## Data shown
*** Block opens ***

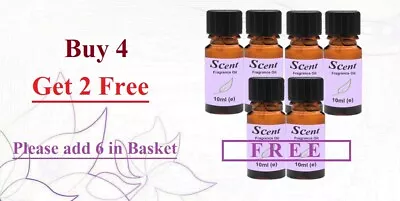 10ml FRAGRANCE OILS - Buy 4 Get 2 Free For Candles Diffusers Oil Burners Etc. • £1.69
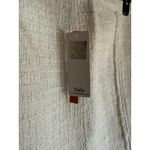 Dalia Collection NWT  City Fit White Cotton Skirt Size 12- Fringe Edges Photo 5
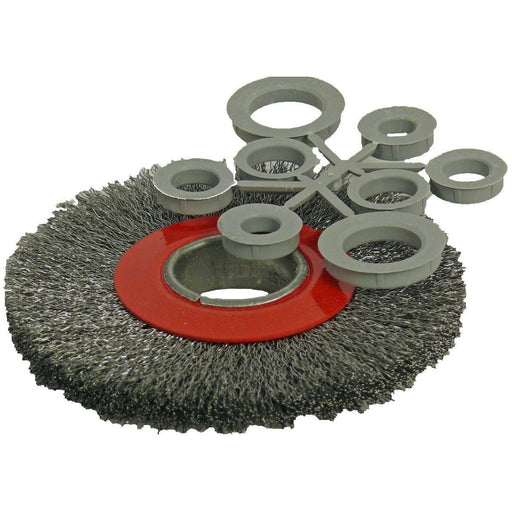 Abracs 150 x 20mm Crimped Wire Bench Grinder Brush ABRACS - Town Tools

*** Block closes ***

## Problem description
Return the listing verbatim; pictures are not part of the copy.

## Solution to the problem
 10ml FRAGRANCE OILS - Buy 4 Get 2 Free For Candles Diffusers Oil Burners Etc. • £1.69
 Dalia Collection NWT  City Fit White Cotton Skirt Size 12- Fringe Edges Photo 5
 Abracs 150 x 20mm Crimped Wire Bench Grinder Brush ABRACS - Town Tools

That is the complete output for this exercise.